今回のnano.RIPEには度肝を抜かれるぞ! メジャー・デビュー5周年を迎えたということよりも、それができるバンドに成長したということがやはり大きい。自ら殻を破って、新しいことに挑戦したいという想いが実った4thアルバム『七色眼鏡のヒミツ』。新しいという意味では、クラムボンのミトと完成させたオーケストラル・ポップなリード・トラック「こたえあわせ」他、計3人のアレンジャーを迎えた4曲が注目されがちではあるけれど、従来通りメンバーだけで作り上げた曲からもさまざまな挑戦が聴きとれる。彼らをそんな挑戦に向かわせたものとは?

-今年はメジャー・デビュー5周年ということで、年明けから攻めていますね。新作を聴いて、攻めているという印象がさらにはっきりしてきました。

はい。攻めています。ライヴでも攻め、アルバムでも攻め、スケジュールでも攻めています。
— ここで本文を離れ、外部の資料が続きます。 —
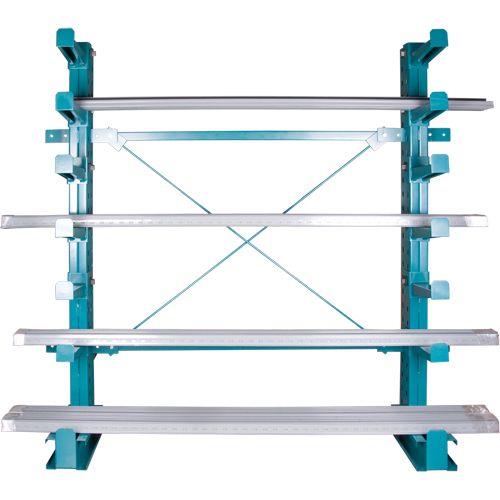 Rayonnage en porte-&agrave;-faux &agrave; barres - Charge normale, Un c&ocirc;t&eacute;, Bras de 14", 36" la x 84" h SPOC Demo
攻めの1年にしたいと思っています。

-5周年ということがまずあると思うんですけど、2014年にどんな結果を残せたから、2015年は攻めの年にしようということなんでしょうか?

今のメンバーになって、やっと落ち着いたというか、試行錯誤しながらやっと"これぞnano.RIPE"というところまで辿りつけたことが大きいですね。そういうふうに思えるきっかけになったのが、去年の暮れにやった"有色透明"という各地2デイズのワンマン・ツアー。そこでnano.RIPEとして新しいことに挑戦しようと思えたんですよ。そのあたりからこの5周年の攻めに繋がっていると思います。2デイズの通し券を作ったら、両日遊びにきてくれる方がたくさんいたので、"1日目と2日目でセットリストをガラリと変えます"と宣言してツアーを始めたんですけど、ツアーの後半になるにつれ、どんどん変化が大きくなっていったにも関わらず、ちゃんと自分たちの目指すクオリティのものをしっかりと届けられたんです。そのとき、4人の結束も含め、バンドの底力がグッと上がったことを感じました。時間をかけて、そういう今のnano.RIPEになれたからこそ、新しいことにどんどん挑戦していってもnano.RIPEっていう軸からはぶれないという自信があったんです。
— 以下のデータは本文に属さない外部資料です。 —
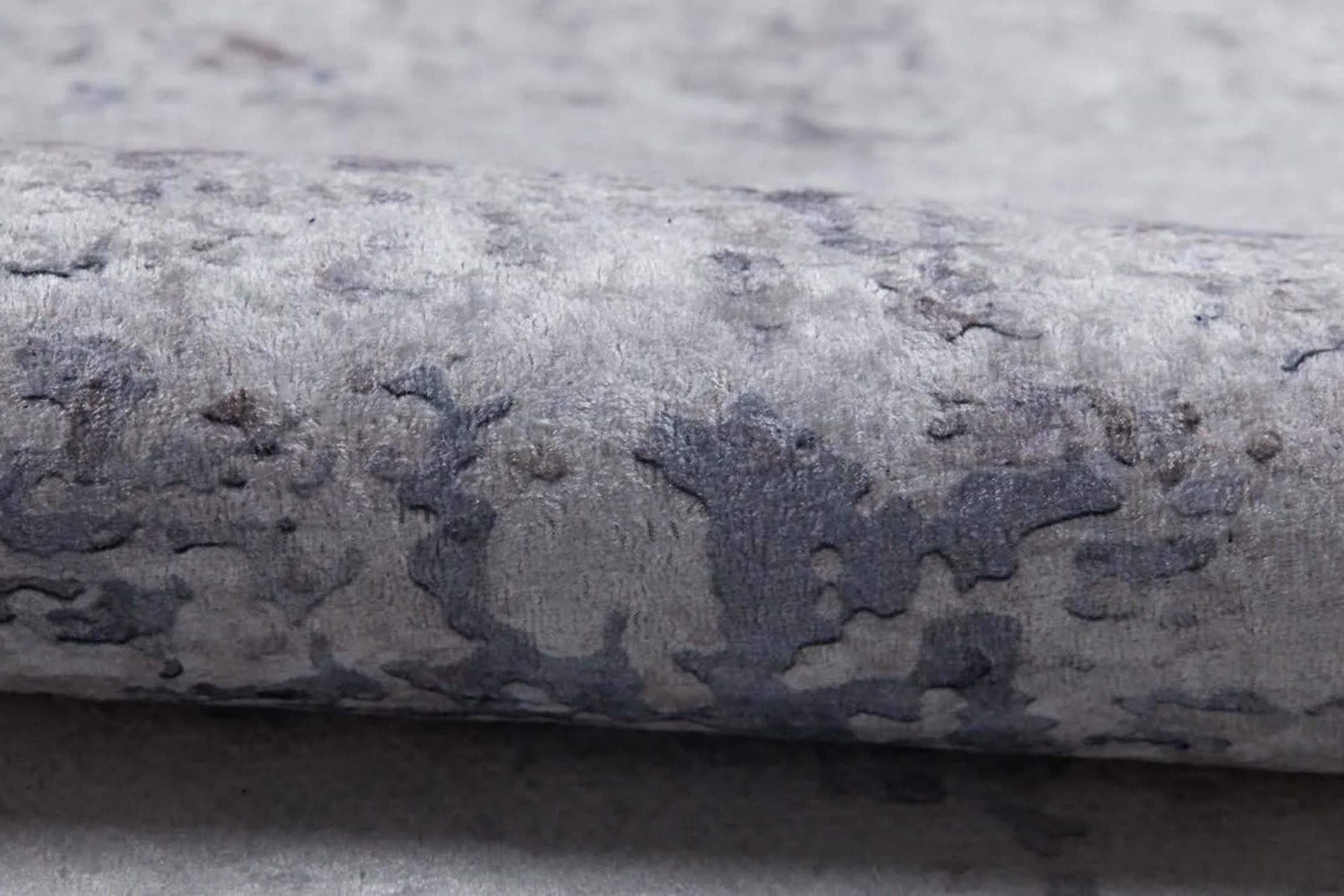 Eskitme Gri Krem Abstract Desenli Halı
-新作もすごいよかったです。正直、びっくりしました。いや、びっくりしたって言うと......。

でも、びっくりしますよね(笑)。自分たちでもこういうことは本当だったら徐々にやっていくことなのかなって最初思ったぐらいなんです。1曲か2曲、そういう曲を入れて、"あ、nano.RIPEはこういうこともやるんだ"ってところから広げていくっていうのが道筋としては順調に行くのかもしれないけど、今回はもう、"あの時代、迷走してたよね"って言われてもいいぐらい振り切ったものを1回作っちゃおうって覚悟みたいなものと、そこまでやっても大丈夫なんじゃないかって自信もあったので、徐々にではなく、一気に4曲、外からアレンジャーさんを迎えました。

-曲作りはどんなふうに?

これまで通り次の作品はいつリリースするかわからないけど、それに向けてずっと曲作りを続けているっていう中から選んだ曲もあるんですけど、それ以外に"今回は、こういうアルバムにしたいよね"って話し合ってから作った曲もあるんです。これまでの3枚のアルバムは聴き終えたとき、どちらかと言えばダークな方のnano.RIPEの印象が残るような作品だったと思うんですけど、今回は聴き終えたとき、明るい方のnano.RIPEが残るような作品にしたいということがコンセプトとして挙がってきたので、そこから作った曲はやっぱり明るめの曲が多くなった気がします。ライヴをやっていると、暗い曲でも自分たちは笑いながら演奏してますし、もちろん暗いこともたくさん歌っているんですけど、お客さんもしんみりと聴いて、泣いて帰るというよりは一緒に楽しんで笑って帰るって人が多いと思う。そういうライヴ・バンドとしてのイメージと繋げたかったっていうのもありますね。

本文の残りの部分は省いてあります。